With the growing dimensions of data requirements, the nature of Information or ‘Data’ has taken multiple folds. The ‘Organizational data’ today cannot be expected in conventional and structural form, but it mostly exists in unstructured format. The database platform also must grow parallel to facilitate the able storage and sustain the growing developments.
Besides the database storage option, data libraries and file servers serve the unstructured data handling methods. Database management philosophies have worked well to store unstructured form of data like images, documents, or media content. Storing unstructured data in database ensures robust administration, scalable architecture, and enhanced security of data.

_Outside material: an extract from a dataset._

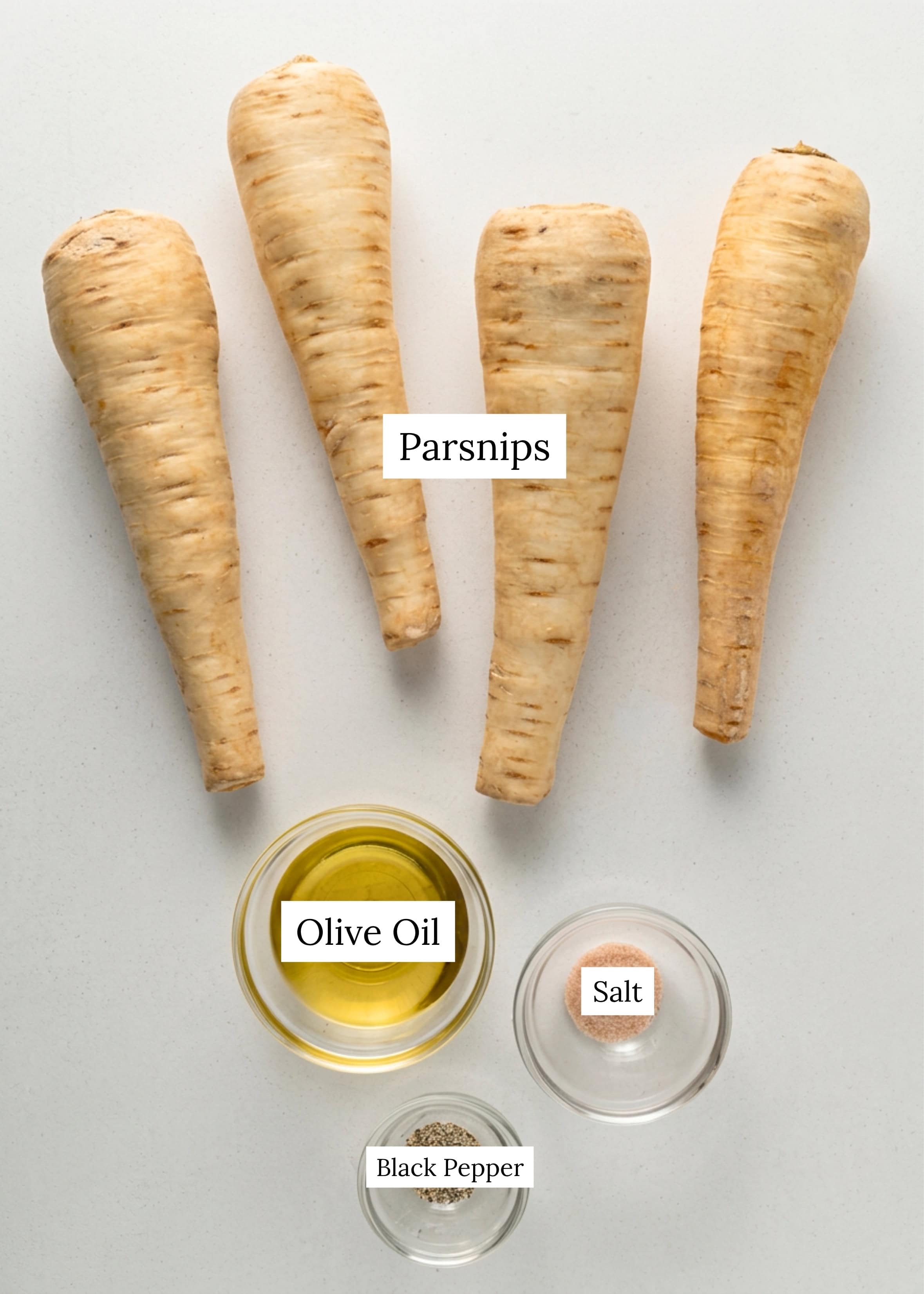 Ingredients for roasted parsnips. Parsnips, olive oil, salt, and black pepper.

XML (W3C XML standard 1.0) is the acronym of eXtensible Markup Language. It is one of the fastest growing document platform which fits into variety of scenarios.
Topics
Oracle extended its strategic exploration to integrate the XML support across its infrastructure and help in building up XML-powered enterprise applications. Let us take an overview of XML DB and its capabilities.
Oracle XML DB: Overview
Oracle 9i extended its support to XML storage to meet the requirements of growing reliability over XML based documentation in various industrious sectors. Oracle XML DB is based on a hybrid model which integrates strengths of SQL and capabilities of XML. Oracle XML DB offers high performance database repository of XML documents. The features of XML DB is not limited to storage and retrieval but also it extends full support to XML parsing, access, XQuery, XSLT and XML node element based searches. The list below summarizes the capabilities of Oracle 11g XMML DB.

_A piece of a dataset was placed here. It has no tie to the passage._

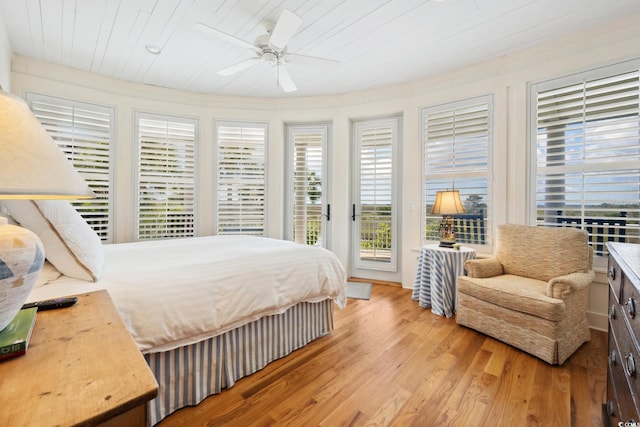 bedroom featuring access to outside, light wood finished floors, a ceiling fan, and wood ceiling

• In-place evolution of XML Schemas
• Oracle Partitioning of XML Schema optimized storage
• Intelligent defaults for XML Schema-optimized for an optimal storage model
• XQuery operations on Schema-Optimized storage improvements
• Support for replication of text-based XMLType storage via Oracle Streams
XML storage in database can be data centric or document centric. Data centric storage corresponds to the storage of XML data as a character type data, while document centric storage refers to the storage of XML document in the database. Oracle offers different storage models for XMLType data. In this article, we shall explore and understand the available models of XML storage in Oracle database along with the latest enhancements.
XMLType Storage Models
Selection of an appropriate storage model for XML is a crucial activity of Oracle XML DB set up. The storage architecture of the XML DB sets the tone of flexibility, scalability, and data access performance.

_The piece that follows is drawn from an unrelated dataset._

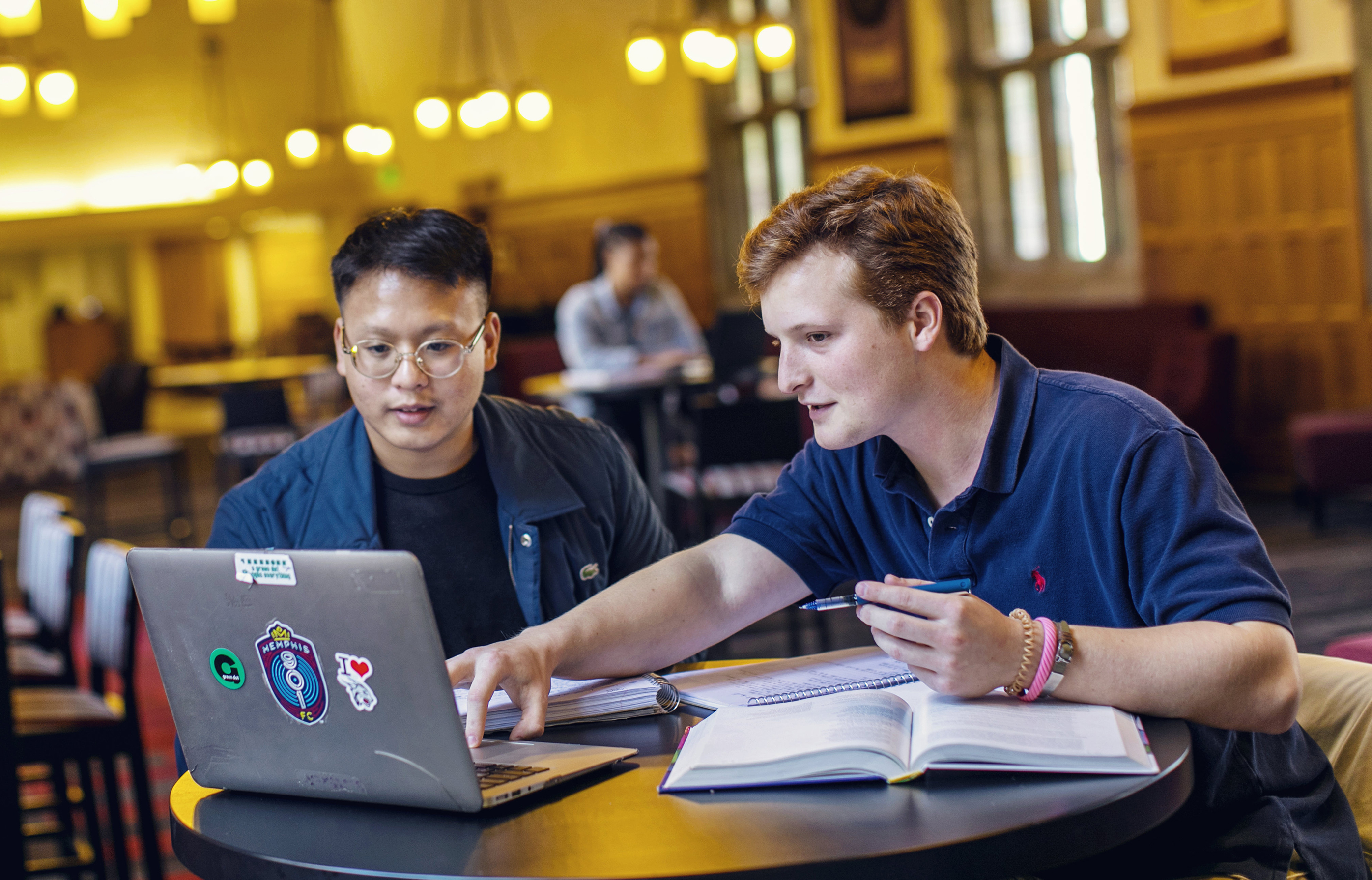 two male students look at a laptop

During its Oracle XML treaty in Oracle 9i, Oracle inducted a new native server datatype known as XMLType to store XML data in the database. The datatype works on Object Relational paradigm by storing the XML content as an LOB. A column in a database table can be declared of XMLType to store XML content in it. The datatype can also be employed for use in PL/SQL blocks, as argument datatype across subprograms and other places where a native server datatype can be. In addition, there are certain set of built in member utility functions to manipulate the XML content. The best feature of the datatype XMLType is the integration of strengths of SQL and XML. SQL functions can be operated upon the XML data and vice versa.
We shall understand the available storage models for XMLs as below.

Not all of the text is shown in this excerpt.